Late in pregnancy the baby's body is removed from the mother except for its head. Scissors are then inserted into the base of the skull, killing the child. The brains are then vacuumed out, the head is crushed, and removed from the mother.
This is called dilation and extraction or partial-birth abortion.
Most people, if they understood the details, would call it infanticide, but it had been legal until 2003 when President Bush signed legislation that banned it. Challenges to the law wound their way through the courts until finally yesterday the Supreme Court ruled 5-4 that the law prohibiting this barbaric practice was constitutional.
How did the major candidates for President respond?
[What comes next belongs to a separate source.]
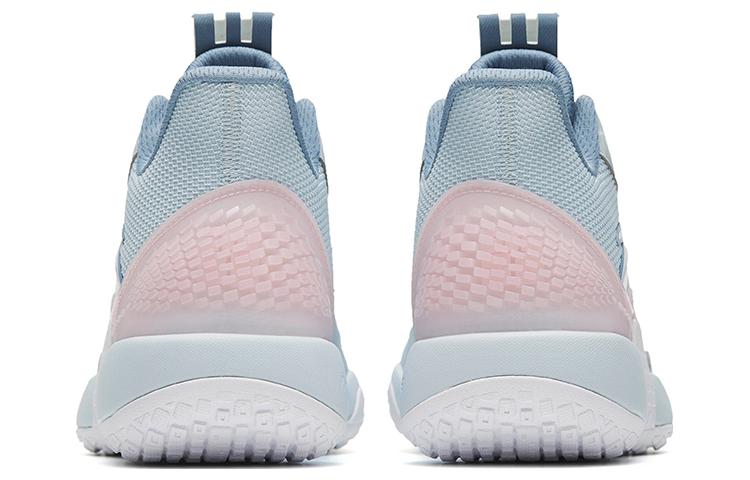 ANTA Basketball Series Sneakers Low 'Blue Pink' 112241602-3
All of the Republican candidates - McCain, Giuliani and Romney - praised the decision. All of the Democrats deplored it. Senator Clinton saw it as an erosion of our constitutional rights. Senator Obama said that he strongly disagreed with the Court's ruling. John Edwards said he could not disagree more strongly and that "This hard right turn [!] is a stark reminder of why Democrats cannot afford to lose the 2008 election. Too much is at stake - starting with, as the Court made all too clear today, a woman's right to choose."
Indeed. In the last year from which statistics are available, 2000, there were 2200 of these gruesome procedures. Edwards is telling us that if a Democrat is elected president in '08 the next Supreme Court justice to be nominated will be one who thinks partial-birth abortion is just fine. Perhaps this is why some people are saying that the Democrats have embraced the culture of death.
This is also why elections matter and why it matters whether Republicans or Democrats control the levers of power. Both of George Bush's Supreme Court appointees voted to uphold the law banning this procedure but now that the Democrats control the judiciary committee there's very little chance that a like-minded justice will be appointed to fill the next opening.